As far as I know, everything about the Internet is (or rather should be?) defined and documented in the RFCs. I found a listing of several HTTP-headers on mozilla.org (https://developer.mozilla.org/en-US/docs/Web/HTTP/Headers), which I assumed to be second-hand knowledge taken from the RFCs. However most of the security-related HTTP-headers are neither in the RFCs (source: https://www.rfc-editor.org/search/rfc_search_detail.php?title=Content-Security-Policy) nor in the HTTP-headers suggested by IANA (source: https://www.iana.org/assignments/message-headers/message-headers.xhtml)
The RFCs stand as a final approved documentation. In your case the HTTP is under the HTTP Working Group so some new features which some browsers already support are being discussed in this group. Expanding the idea, some security headers present in HTTP may be from other groups and just referenced in HTTP RCFs. The Content Security Policy is documented in the RFC 7762 not that it's tagged as informational.

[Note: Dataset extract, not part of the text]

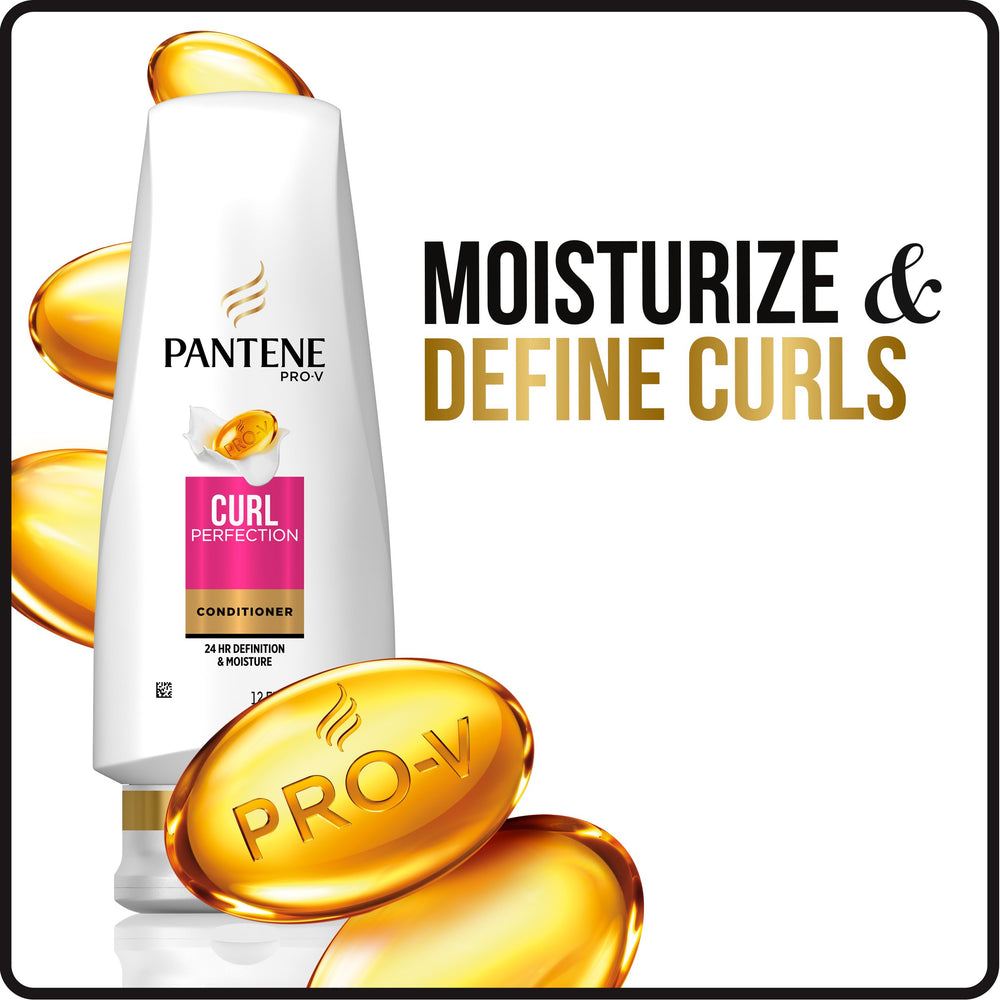Applying Pantene conditioner to wet curls for smoother detangling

Each area has its Working groups, in this case HTTP is nested in ART (Applications And Real-Time Area). Each of those groups compile, revise and publish new specifications. As an example you can see HTTP(httpbis) charter
There's two options, implement based on the RCFs and its references or follow the Working Group directives and references. Using only RFCs is more secure and interoperable but will eventually be outdated until a new RFC is published.
The only way is to implement what is documented under the RFCs. It's part o the internet concept, new features or standards will take a while to be fully documented and it's up to developer research and implement those.